30/11/2025
Unsere Haare sind weit mehr als das, was wir im Spiegel sehen können. Denn sie sind Fäden unserer Seele, Schwingungen, die durch unseren Körper wandern, Verlängerungen unserer Intuition, Antennen zwischen Erde und Himmel. Unsere Vorfahren wussten das, und manchmal, wenn der Wind leicht durch mein Haar fährt, spüre ich, dass dieses Wissen immer noch in uns lebt.
Ich erinnere mich an etwas, das mir eine der älteren Frauen, in einer schamanischen Ausbildung, sagte: „So wie du dein Haar trägst, so trägt dich auch das Leben. Betrachte deine Haare, ihr Wesen und erkenne dich.“ Und je länger ich sie nun schon betrachte, webe und wirke, desto wahrer erscheint mir dieser Satz. Meine Haare erzählten und spiegelten mir viele meiner Geschichten, und ja die tun es noch immer.

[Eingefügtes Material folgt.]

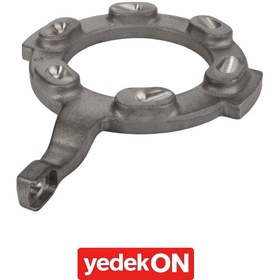 Resim AGCO Fren Halka - Valtra | V34358010 
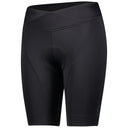 Scott W ENDURANCE 40 + SHORTS - PeakStyle
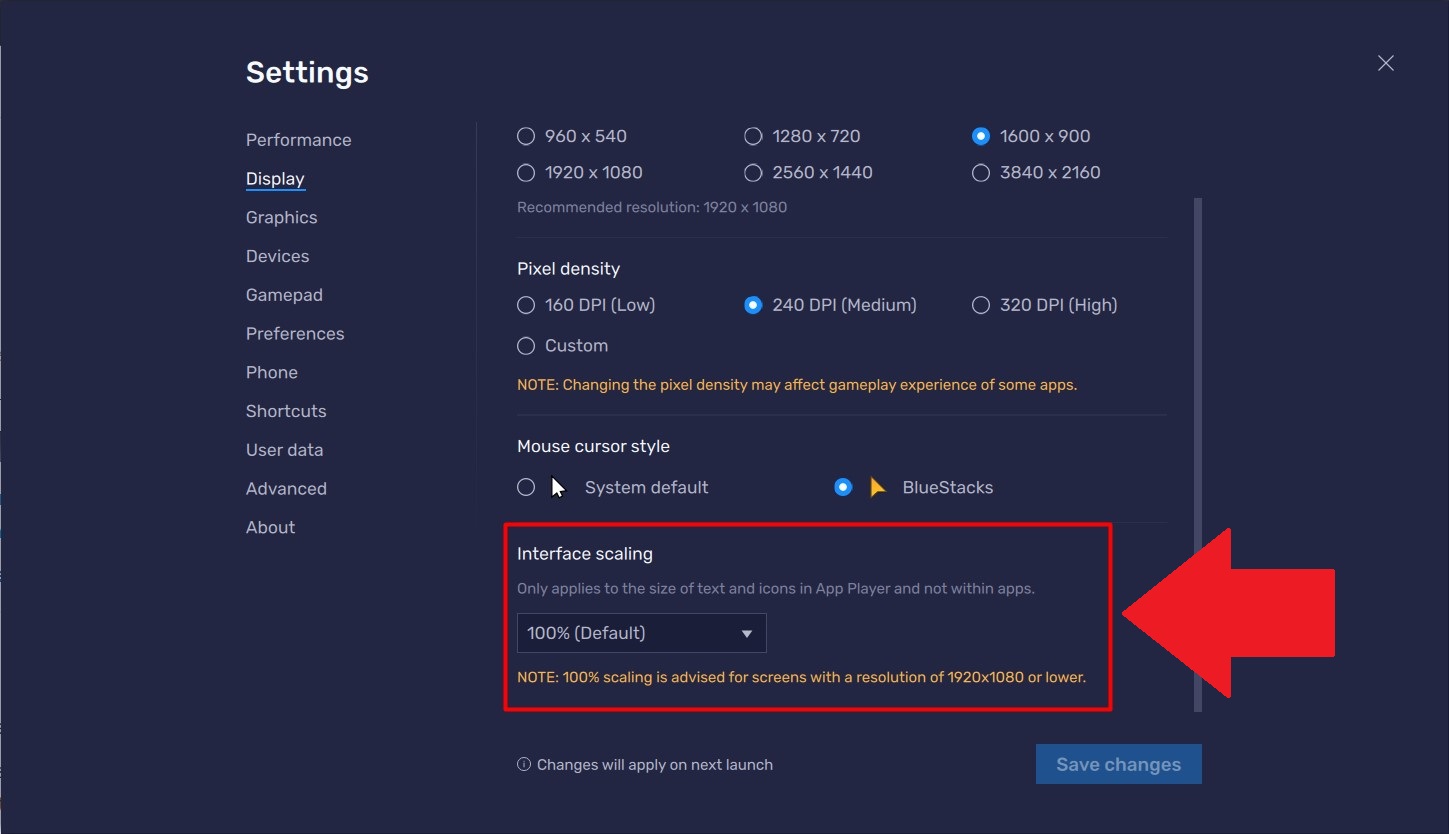 Screenshot_7.jpg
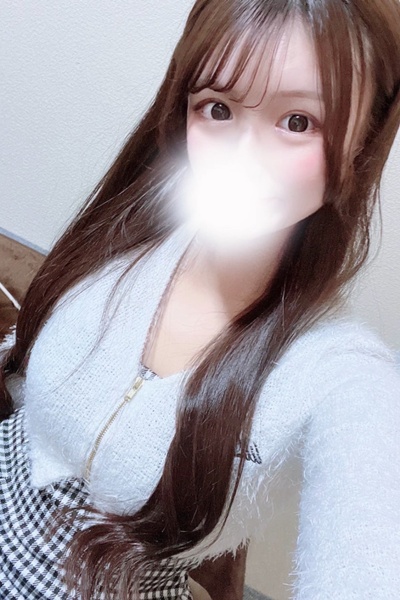 れいさんの写真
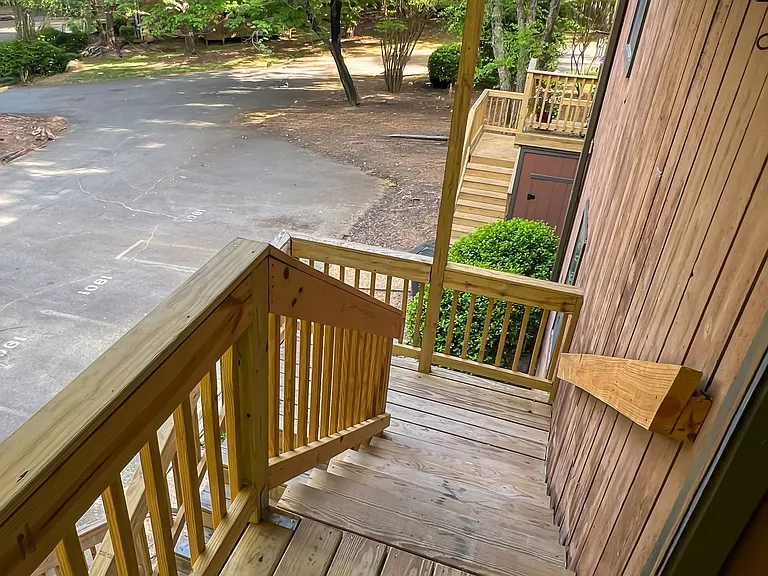 1904 Aspen Way — Photo 28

Wenn mein Haar frei fällt, ungebunden ist, wild und offen, dann fließt die Energie wie ein ungezähmter Fluss durch mich. Dies ist die Zeit, in der die Seele durchatmet, in der wir vertrauen, empfangen, spüren, uns mit Wind, Geist und Freiheit verbinden. So trugen die Seherinnen gerne ihr Haar offen, wenn sie mit den Welten sprachen.
Doch wenn die Hände beginnen, Strähne für Strähne zu flechten, dann geschieht etwas anderes. Der Atem wird ruhiger, der Geist klarer. Denn ein Zopf ist nicht nur ein Zopf. Er ist ein alter Zauber. Drei Stränge, die sich umeinander legen, so wie Körper, Seele und Geist einander halten. Oder auch Vergangenheit, Gegenwart und Zukunft, die für einen Moment Frieden miteinander schließen. Geflochtenes Haar bündelt und sammelt Kraft und Energie. Es lenkt den Fokus nach innen, zentriert und schützt die Frau, die ihn trägt. Es verstärkt und bekräftigt den Gedanken, das Auftreten im gesamten erscheinen. Man weiß was man will.
Ein hoher Knoten hingegen ist wie eine leuchtende Krone. Hexen banden ihr Haar oft so, wenn sie wirkten, wenn sie zwischen den Feldern standen, mit einem Fuß in der Welt der Menschen und einem im Reich des Unsichtbaren. Denn der Knoten hält die Energie hoch, er zentriert, hält wach und aufmerksam, verbindet mit der höheren Weisheit. Es ist ein stilles und anmutendes Zeichen, von ich bin im Fokus und ich halte das Feld.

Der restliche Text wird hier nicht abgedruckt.